Laying-up day


Sam Llewellyn's sailing to the boatyard. It's laying-up day. Or is it?

It is laying-up day. Huge square-rigged clouds are sailing across a deep blue sky, and the hills above the moorings are rusty with dying bracken. Out to the mooring, the buoy shaggy with a season's weed. Tender on a stern cleat. Main up, unroll some jib. On to the foredeck, hold the jib aback. Off with the mooring pennant and stroll aft, the big red buoy sliding away up the wind.

Unlash the tiller and sheet in the jib. A puff smacks in. The boat heels. Let out more jib and mainsheet. The heel lessens as the breeze's energy is converted into forward motion. The wake's bubble becomes a small roar. We are sailing.

There are no other boats; it is getting too late in the year. Not too late for the mackerel, though. There is a shoal under the point, the white arrows of gannets hammering down on it through a floor of mergansers and cormorants.

The shoal drops astern. The channel opens out. A shearwater whips past, wingtip an inch off the water. The tender is tearing along on the first wave of the wash. There is a nip in the wind. In a month, the nip will be a real bite, and the sun, low and bright today, will be heaving itself grudgingly over the horizon at ten and lumbering off to bed at half past two.

But this is not the moment to be thinking about the future. This is the moment to be getting out the sandwiches and a bottle of apple juice from the tree in the back garden, while the sun warms the deeply satisfactory cream of the deck paint, washed clean as a whistle by a wet year on a swinging mooring.

We are half a dozen miles from home now. It is time to harden up, put the boat on the wind and tack down the channel towards the boatyard. Far ahead the travel hoist is moving on its slip, small as a toy, a steel frame with a diesel engine, contrived by the lads in the yard. A boat hangs in its slings, moving at glacier speed towards its winter resting-place, where it will be lowered on to the ground and propped with pine logs and left waiting for its refit. Our turn next. On a day as brilliant as this the thought casts a shadow.

Tack. The shape of the sail is perfect, the heel exquisite, the telltales on the main's leech flowing flat and easy. Poetry in motion, is what this is. Another tack, then another. And here coming up on the starboard bow is the mooring on which the boat will hang overnight.

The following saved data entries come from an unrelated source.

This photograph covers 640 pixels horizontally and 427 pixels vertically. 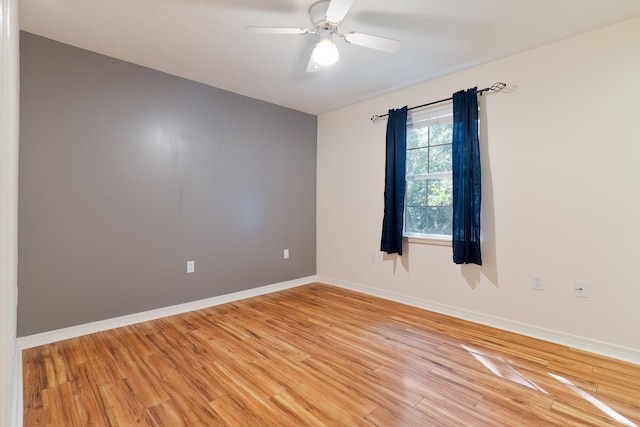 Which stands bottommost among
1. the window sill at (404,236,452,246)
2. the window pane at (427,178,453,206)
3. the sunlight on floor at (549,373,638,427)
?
the sunlight on floor at (549,373,638,427)

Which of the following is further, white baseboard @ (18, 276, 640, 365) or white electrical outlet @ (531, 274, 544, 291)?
white electrical outlet @ (531, 274, 544, 291)

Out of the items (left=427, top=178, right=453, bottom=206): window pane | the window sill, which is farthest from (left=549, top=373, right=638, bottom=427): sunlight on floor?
(left=427, top=178, right=453, bottom=206): window pane

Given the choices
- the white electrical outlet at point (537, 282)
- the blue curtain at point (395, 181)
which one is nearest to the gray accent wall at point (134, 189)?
the blue curtain at point (395, 181)

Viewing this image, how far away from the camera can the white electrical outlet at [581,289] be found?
7.88 feet

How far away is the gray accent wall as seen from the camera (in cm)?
243

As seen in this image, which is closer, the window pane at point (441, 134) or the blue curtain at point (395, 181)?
the window pane at point (441, 134)

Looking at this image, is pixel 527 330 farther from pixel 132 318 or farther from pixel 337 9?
pixel 132 318

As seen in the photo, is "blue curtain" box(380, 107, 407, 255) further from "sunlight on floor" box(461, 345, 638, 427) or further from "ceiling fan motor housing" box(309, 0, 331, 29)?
"ceiling fan motor housing" box(309, 0, 331, 29)

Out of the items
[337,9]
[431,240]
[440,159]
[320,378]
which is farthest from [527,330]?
[337,9]

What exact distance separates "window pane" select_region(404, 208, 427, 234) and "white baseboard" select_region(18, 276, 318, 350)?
5.76 ft

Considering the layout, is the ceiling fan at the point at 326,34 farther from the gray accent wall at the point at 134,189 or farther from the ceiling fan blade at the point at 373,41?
the gray accent wall at the point at 134,189

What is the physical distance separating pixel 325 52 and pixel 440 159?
178 centimetres

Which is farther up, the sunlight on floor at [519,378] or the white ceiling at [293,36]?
the white ceiling at [293,36]

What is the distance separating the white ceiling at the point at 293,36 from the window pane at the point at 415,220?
4.58 ft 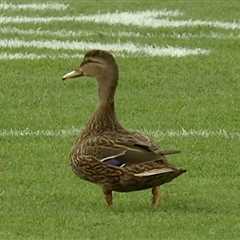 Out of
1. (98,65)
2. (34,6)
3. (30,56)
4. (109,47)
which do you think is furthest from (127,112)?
(34,6)

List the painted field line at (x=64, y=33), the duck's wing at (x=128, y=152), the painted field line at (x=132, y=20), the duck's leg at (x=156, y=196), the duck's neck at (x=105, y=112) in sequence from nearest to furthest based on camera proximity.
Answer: the duck's wing at (x=128, y=152) < the duck's leg at (x=156, y=196) < the duck's neck at (x=105, y=112) < the painted field line at (x=64, y=33) < the painted field line at (x=132, y=20)

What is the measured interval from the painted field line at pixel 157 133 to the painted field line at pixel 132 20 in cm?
663

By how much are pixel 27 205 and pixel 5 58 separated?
7.50 meters

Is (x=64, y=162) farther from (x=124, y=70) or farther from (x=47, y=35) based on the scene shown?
(x=47, y=35)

Let out a lot of mainsheet. The sail rumples in the breeze. Sheet in. We are approaching the buoy on a close reach, very slow, total control. Forward with the boathook to hoick it aboard, then haul in the pennant, drop it on the cleat, secure with figure-of-eights in the approved manner. Tomorrow someone will come out and tow the boat in and up she will go on the hoist and into the yard, and sailing is over for the year.

The sun rolls from behind a cloud, flooding the world with gold. The buoy is just there, hovering under the bow, ready to pick up. The boathook hesitates. It is going to be a long old winter.

Drop the boathook and back the jib. The buoy slides away out of reach. Head aft and sheet in, and put the boat's nose on the knife-sharp horizon. You would need a heart of stone to be laying up on a day like this. It is time for a sail.